Looking through the material below, say how many lines contain the string "League" and add nothing more.

■ ■ ■ ■ ■

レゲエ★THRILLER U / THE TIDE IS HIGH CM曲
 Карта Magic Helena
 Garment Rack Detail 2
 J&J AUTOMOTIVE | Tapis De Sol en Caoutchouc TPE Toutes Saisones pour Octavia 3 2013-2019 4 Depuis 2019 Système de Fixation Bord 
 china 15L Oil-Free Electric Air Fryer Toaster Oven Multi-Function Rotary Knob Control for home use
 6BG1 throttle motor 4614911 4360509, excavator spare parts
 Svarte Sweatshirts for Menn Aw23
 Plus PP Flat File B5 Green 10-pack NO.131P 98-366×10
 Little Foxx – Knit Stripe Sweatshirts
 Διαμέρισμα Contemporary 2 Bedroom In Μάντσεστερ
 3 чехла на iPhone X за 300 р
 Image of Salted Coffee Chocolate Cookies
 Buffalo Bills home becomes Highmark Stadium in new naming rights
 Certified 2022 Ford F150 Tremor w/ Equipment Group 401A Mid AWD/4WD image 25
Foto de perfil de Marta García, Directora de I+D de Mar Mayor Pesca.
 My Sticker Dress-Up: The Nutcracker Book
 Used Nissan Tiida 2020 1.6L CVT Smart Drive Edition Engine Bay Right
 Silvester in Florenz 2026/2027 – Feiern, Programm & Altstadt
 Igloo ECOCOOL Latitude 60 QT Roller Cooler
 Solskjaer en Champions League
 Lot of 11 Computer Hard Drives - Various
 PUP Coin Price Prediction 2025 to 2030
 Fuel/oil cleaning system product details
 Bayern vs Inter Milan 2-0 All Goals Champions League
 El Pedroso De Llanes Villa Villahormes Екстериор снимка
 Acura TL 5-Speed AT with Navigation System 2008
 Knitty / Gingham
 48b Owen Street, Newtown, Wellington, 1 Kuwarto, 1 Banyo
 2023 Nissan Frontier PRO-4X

■ ■ ■ ■ ■

▶ _Completed exercise_
2